From: korantwork@gmail.com
To: helgaas@kernel.org, nirmal.patel@linux.intel.com,
kbusch@kernel.org, jonathan.derrick@linux.dev,
lpieralisi@kernel.org
Cc: linux-pci@vger.kernel.org, linux-kernel@vger.kernel.org,
Xinghui Li <korantli@tencent.com>
Subject: [PATCH v5] PCI: vmd: Add the module param to adjust MSI mode
Date: Thu, 20 Apr 2023 15:09:14 +0800 [thread overview]
Message-ID: <20230420070914.1383918-1-korantwork@gmail.com> (raw)
From: Xinghui Li <korantli@tencent.com>
In the past, the vmd MSI mode can only be adjusted by configuring
vmd_ids table. This patch adds another way to adjust MSI mode by
adjusting module parameter, which allows users easier to adjust the vmd
according to the I/O scenario without rebuilding driver.
- "disable_msi_bypass=0 or other values":
Under normal circumstances, we recommend enable the VMD MSI-X bypass
feature, which improves interrupt handling performance by avoiding
the VMD MSI-X domain interrupt handler.
- "disable_msi_bypass=1":
Use this when multiple NVMe devices are mounted on the same PCIe
node with a high volume of 4K random I/O. It mitigates excessive
pressure on the PCIe node caused by numerous interrupts from NVMe
drives, resulting in improved I/O performance. Such as:
In FIO 4K random test when 4 NVME(Gen4) mounted on the same PCIE port:
- Enable bypass: read: IOPS=562k, BW=2197MiB/s, io=644GiB
- Disable bypass: read: IOPS=1144k, BW=4470MiB/s, io=1310GiB
As not all devices support VMD MSI-X bypass, this parameter is
only applicable to devices that support the bypass function and
have already enabled it, such as VMD_28C0. Besides, this parameter
does not affect the MSI-X working mode in guest.
Signed-off-by: Xinghui Li <korantli@tencent.com>
---
drivers/pci/controller/vmd.c | 29 +++++++++++++++++++++++++++++
1 file changed, 29 insertions(+)
diff --git a/drivers/pci/controller/vmd.c b/drivers/pci/controller/vmd.c
index 990630ec57c6..8ee673810cbf 100644
--- a/drivers/pci/controller/vmd.c
+++ b/drivers/pci/controller/vmd.c
@@ -34,6 +34,20 @@
#define MB2_SHADOW_OFFSET 0x2000
#define MB2_SHADOW_SIZE 16
+/*
+ * The VMD disable_msi_bypass module parameter provides the alternative
+ * way to adjust MSI mode when loading vmd.ko.

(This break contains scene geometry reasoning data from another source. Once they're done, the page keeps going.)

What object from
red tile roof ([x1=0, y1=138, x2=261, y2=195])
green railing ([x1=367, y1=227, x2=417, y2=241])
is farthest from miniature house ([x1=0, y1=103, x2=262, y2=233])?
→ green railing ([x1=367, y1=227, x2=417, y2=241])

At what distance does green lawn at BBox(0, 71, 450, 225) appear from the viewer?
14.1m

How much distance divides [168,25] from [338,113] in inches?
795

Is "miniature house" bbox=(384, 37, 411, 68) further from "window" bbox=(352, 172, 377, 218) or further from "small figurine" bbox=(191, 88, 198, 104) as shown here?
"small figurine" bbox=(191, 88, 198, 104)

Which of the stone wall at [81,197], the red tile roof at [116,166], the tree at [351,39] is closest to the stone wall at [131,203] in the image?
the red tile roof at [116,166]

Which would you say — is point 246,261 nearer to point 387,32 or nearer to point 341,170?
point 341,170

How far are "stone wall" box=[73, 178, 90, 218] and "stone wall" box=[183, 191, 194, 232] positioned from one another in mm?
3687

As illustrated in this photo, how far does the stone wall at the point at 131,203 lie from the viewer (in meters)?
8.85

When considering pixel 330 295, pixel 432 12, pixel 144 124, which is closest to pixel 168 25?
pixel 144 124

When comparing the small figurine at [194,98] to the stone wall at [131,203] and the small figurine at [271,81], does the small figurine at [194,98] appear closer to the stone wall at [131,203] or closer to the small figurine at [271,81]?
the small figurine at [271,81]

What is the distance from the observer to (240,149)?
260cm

This parameter is only applicable
+ * to devices that both support and have enabled bypass, such as VMD_28C0.
+ * Besides, it does not affect MSI-X mode in the guest.
+ *
+ * 1: disable MSI-X bypass
+ * other values: not disable MSI-X bypass
+ */
+static int disable_msi_bypass;
+module_param(disable_msi_bypass, int, 0444);
+MODULE_PARM_DESC(disable_msi_bypass, "Whether to disable MSI-X bypass function.\n"
+ "\t\t Only effective on the device supporting bypass, such as 28C0.");
+
enum vmd_features {
/*
* Device may contain registers which hint the physical location of the
@@ -875,6 +889,7 @@ static int vmd_enable_domain(struct vmd_dev *vmd, unsigned long features)
return ret;
vmd_set_msi_remapping(vmd, true);
+ dev_info(&vmd->dev->dev, "init vmd with remapping MSI-X\n");
ret = vmd_create_irq_domain(vmd);
if (ret)
@@ -887,6 +902,7 @@ static int vmd_enable_domain(struct vmd_dev *vmd, unsigned long features)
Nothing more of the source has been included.